なんかそっちのほうが、たぶん作っているほうも当然、熱量が加わってきますし。なんとなくぼんやりと誰かに何かを届けたいって、聞こえはいいんですけど、その前に自分が欲しいかどうかとか、これがあったら絶対この人だけは助かるみたいな。そういうこととか。なんかすごいワガママみたいなことかもしれないですけど、そういうもののほうが、結果的には魅力あるものが生まれたりするのかなと。

木内:そうですよね。僕たちも作るときに「100人に1人、熱狂的に欲しいかどうか」みたいな話をするんですけど、99人は「もういらない」と言ったとしても、100人に1人熱狂的に欲しければ、日本国内だけで見ても、1億2000万だから、100分の1の人数のユーザーがいて。

それだったらたぶん、家電で大ヒットだと思うんですよね。それぐらいこだわって、絞ってボールを投げるみたいなことがすごく大事だなと思うんですよね。

「誰が何人買っているか」が可視化されるMakuake

矢内:Makuakeでもディープニッチなプロジェクトであればあるほど、すごく伸びますよね。

木内:Makuakeの商品でもそうですけど、まあ「これ、普通に考えたら誰が欲しいんだろうな?」とか思う商品も、(世の中に)けっこうあるじゃないですか。

滝田:ですよね。ここをこう、なんか記事になっているのを見たときに「ああ、そんなに欲しいんだ。そんな思いでこれを作っているんだ」というのを理解すると、その話を聞いたときに「あ、ちょっと自分も欲しいかも」みたいなことを思っているときがあって。

矢内:かつ、Makuakeのプロジェクトだと、サポーターが多いとかわかりやすいんで。そこに乗っかりたいみたいなところで……。

滝田:そう、そう(笑)。

矢内:けっこう、応援購入があったりしますね。

木内:やっぱり伝わって買うかどうか? みたいなのが、今までは例えば流通のバイヤーさんとか、仕入れる立場の人が欲しいか欲しくないかで、マーケットに出せるかどうかが決まっていたのが「誰が何人買っているか」とか「いくらぐらいで売れているか」というのが可視化されるじゃないですか。

滝田:そうですね。

木内:アレがまた今っぽいというか。投票が見える化されているというのは、フェアでいいなと思っていまして。

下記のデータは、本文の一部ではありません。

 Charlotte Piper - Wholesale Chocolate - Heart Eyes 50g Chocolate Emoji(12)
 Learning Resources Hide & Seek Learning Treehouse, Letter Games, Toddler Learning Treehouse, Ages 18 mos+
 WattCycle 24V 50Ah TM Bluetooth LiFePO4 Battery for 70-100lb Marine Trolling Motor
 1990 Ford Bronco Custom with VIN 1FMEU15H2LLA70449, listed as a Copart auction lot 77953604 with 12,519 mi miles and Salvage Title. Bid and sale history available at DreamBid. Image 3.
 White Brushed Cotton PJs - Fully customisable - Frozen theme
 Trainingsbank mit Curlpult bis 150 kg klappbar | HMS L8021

滝田:いや、本当にそうですね。当然バイヤーさんとかは目利きですし、そういうところですごくコレが売れるかどうか? という分析力があったりもしますけれども。今あまりにももう人の考え方とか、それこそ人間自体があまりにも多様性を持ちすぎていて。既にいろんな楽しいものがいっぱいある中でマスを狙うことが、人の分析ではもはや追いつかない時代になっているのかなと思っていて。

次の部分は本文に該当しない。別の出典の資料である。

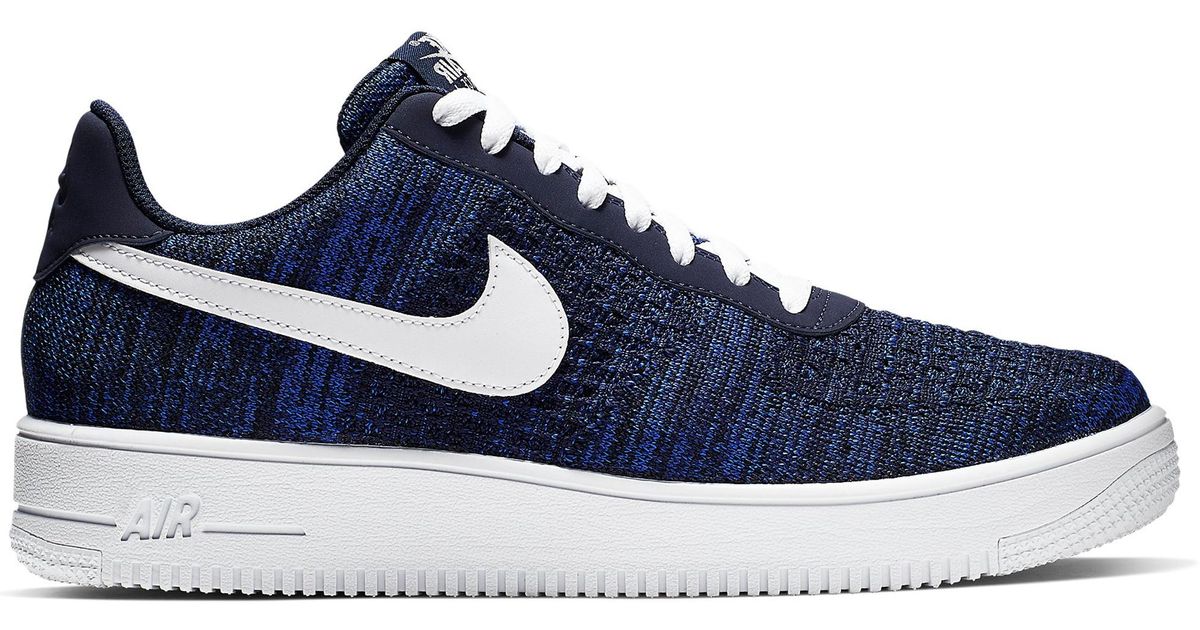Nike Air Force 1 Flyknit 2 College Navy in Blue for Men - Lyst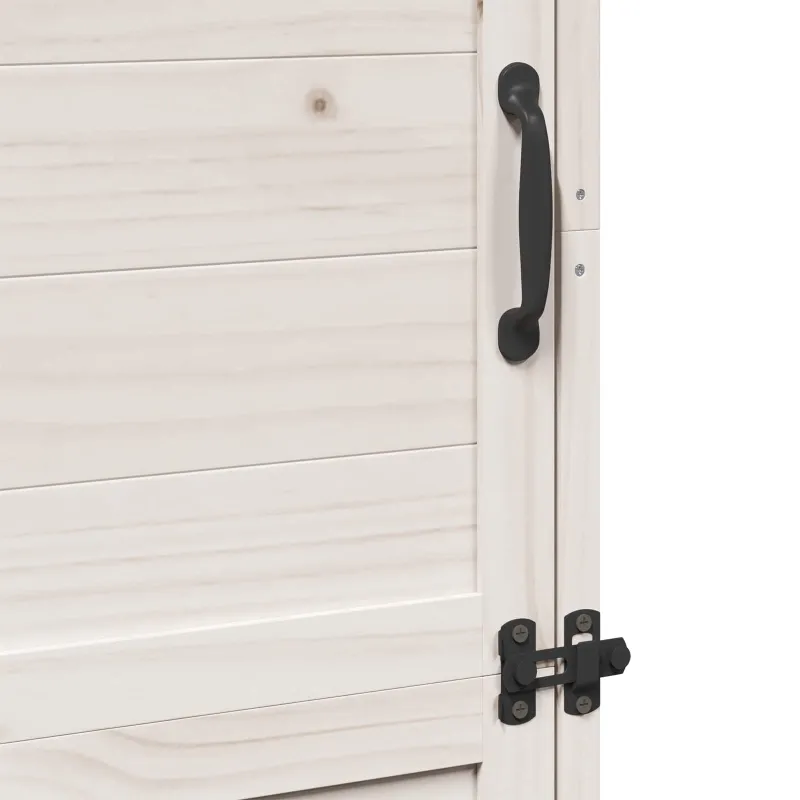 Sodo Sandėlys Balta 59,5 x 56 x 176,5 cm Apdirbta mediena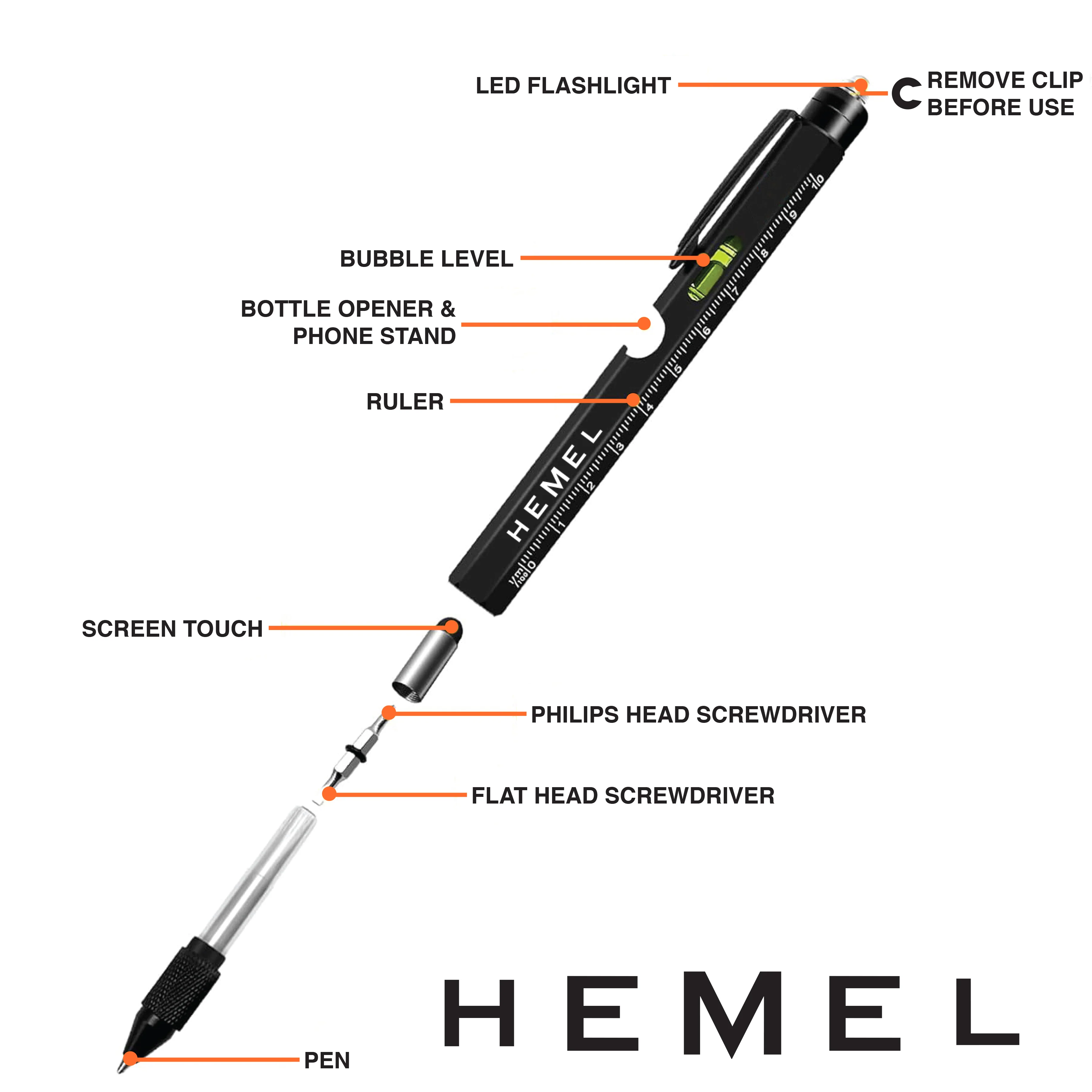 Hemel Pen Multi EDC Tool - Image 3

だからそういうところに無理矢理、なんていうんですかね。大風呂敷をばーんと広げるよりかは、やっぱり1点突破というか。ここはもう「他はダメだけど、ここは大丈夫!」みたいなところに剛速球を投げ込むほうが、今の時代はヒットは生まれている気がするんですね。

矢内:なるほど。

滝田:さっきのブレッドオーブンもしかり。バーミキュラさんのライスポットという電気鍋しかり。やっぱり、ちょっと変わっててしかも保温できないけどみたいな、でも8万円もしますみたいな。

ワガママな商品だと、市場は狭まる?

矢内:そんな滝田さんに、いい質問が来ていまして。

滝田:なんスか!? 

矢内:「とはいえワガママな商品を売ると、市場が狭まらないか心配に思います」と。

滝田:ああー、心配ですね。

矢内:それでもディープニッチに行ったほうがいいと。

滝田:行ったほうがいいと思います。少なくとも、そりゃビジネスで考えたときには、たくさんの人に売りたいとかって思うと思うんですけど。やっぱりそれで、じゃあなんかこう……今、特に日本のそういう家電とかで見ていると、うまくいっているものがそんなにないんですよね。

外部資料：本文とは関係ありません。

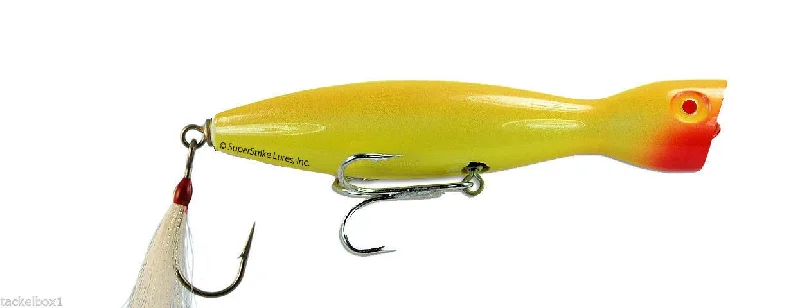 rod repair kits fishing Super Strike 3 3/4 oz Little Neck Popper All Yellow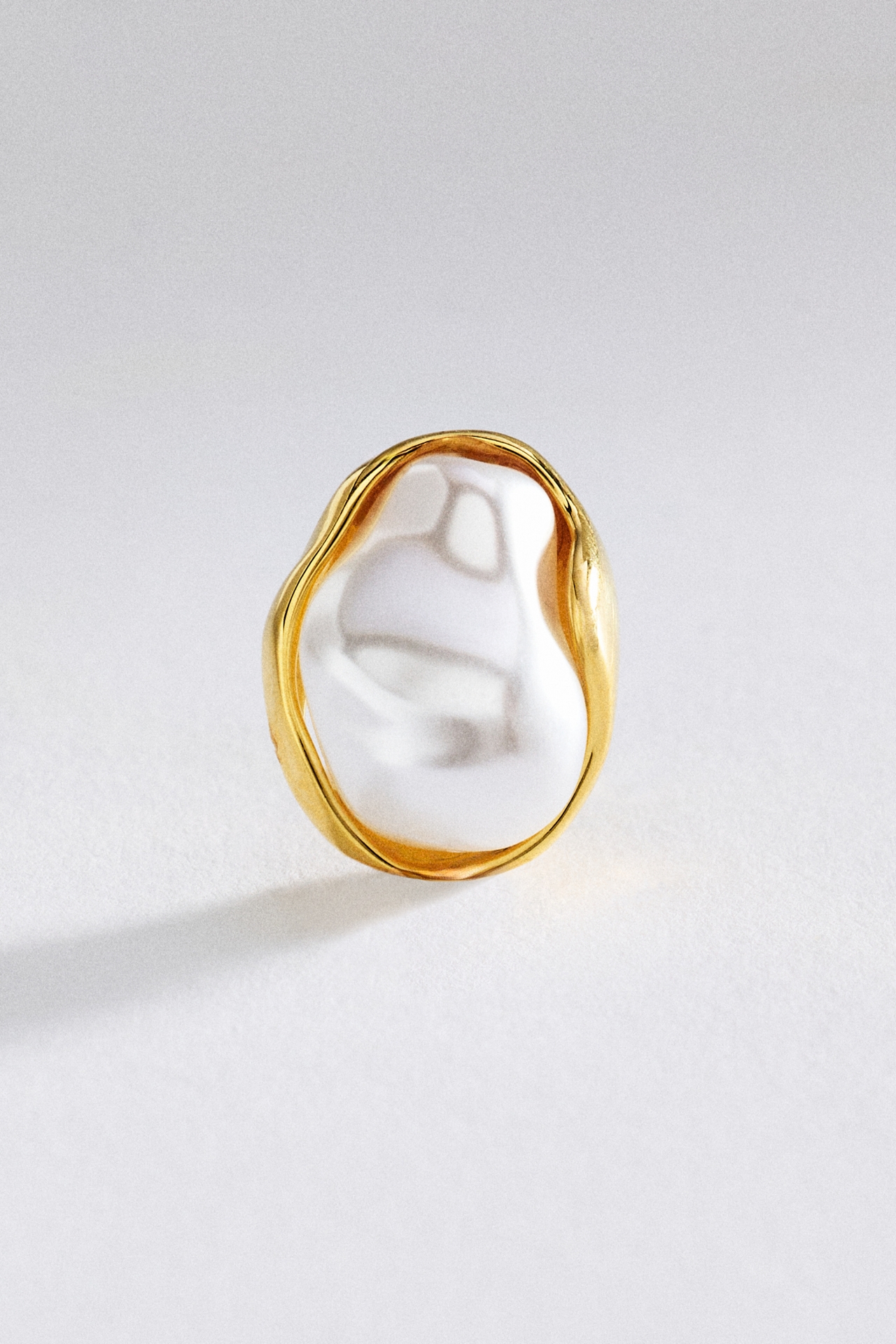 Organic Pearl Post Earrings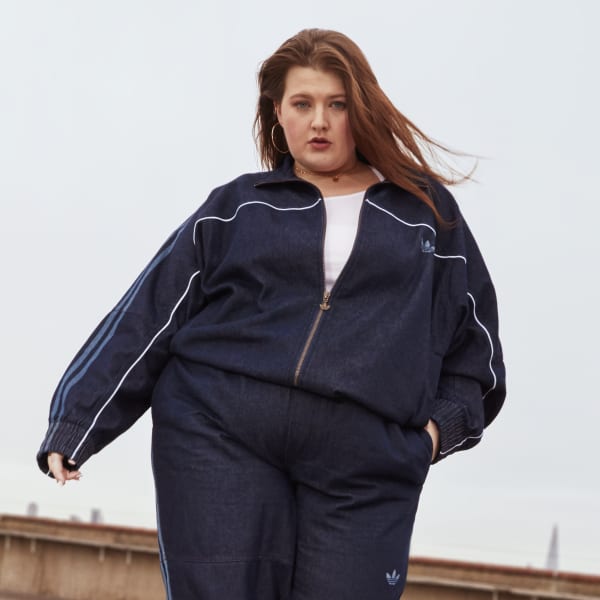 Blauw Japona Denim Trainingsjack (Grote Maat) MIK76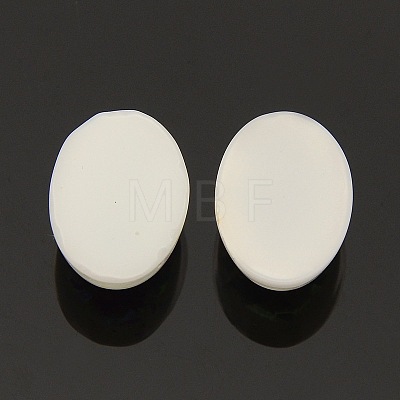 Oval Resin Imitated Opal Cabochons CRES-L008-12-1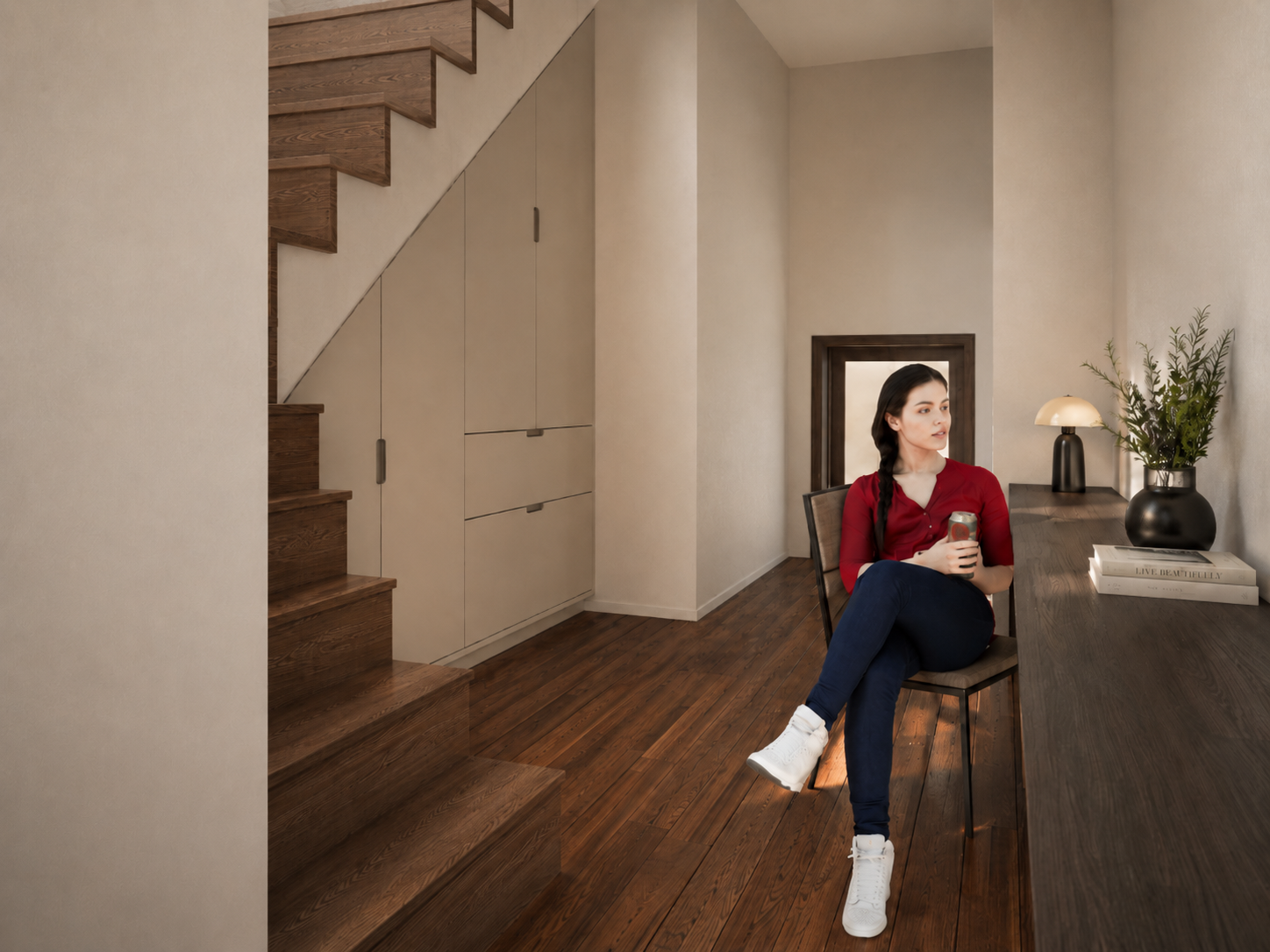 Espaço de estar da habitação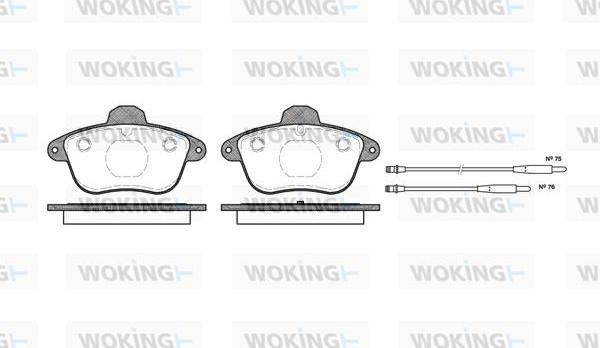 Woking P5013.14 - Тормозные колодки, дисковые, комплект abcparts.ee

あともう一つ。今って、ちょっといいものを作るとすぐ真似されて、あっという間にコモディティ化していく。それで低価格戦略に、結局は巻き込まれちゃう。

だから、広い市場に向けて作ったとしても、それより安いものが出てくるとどうしてもそっちに取られちゃうから。

矢内:なるほど。

滝田:さっきも言ったように、なんかもう、これは他が考えないような、真似できないようなものを作ったほうがヒットが生まれると思いますし。

さっきの“愛”という意味では、そういうもののほうがおそらく愛着を持って、人は買ってくれると思いますね。

矢内:そうですね。確かに。

木内:そこはMakuake Incubation Studioで大手メーカーの方々と新規事業を考える上で「これぐらいの事業の魅力度があります!」ってプレゼンができないと、社内で通らないみたいなのがあると思うので。

滝田:はい、はい。

木内:それが市場の魅力、一見そういう市場データはないんだけれども、マーケットはこうこうこういう切り口で見ると、小さな池で大きな魚はできるんじゃないかみたいな。

そういう観点が必要かなというのと、あともう1個。やっぱりビジネスモデルって、高い商品を一個だけ売って終わりみたいな、顧客接点がそこで途切れるというのはなかなかしんどい環境下にあると思います。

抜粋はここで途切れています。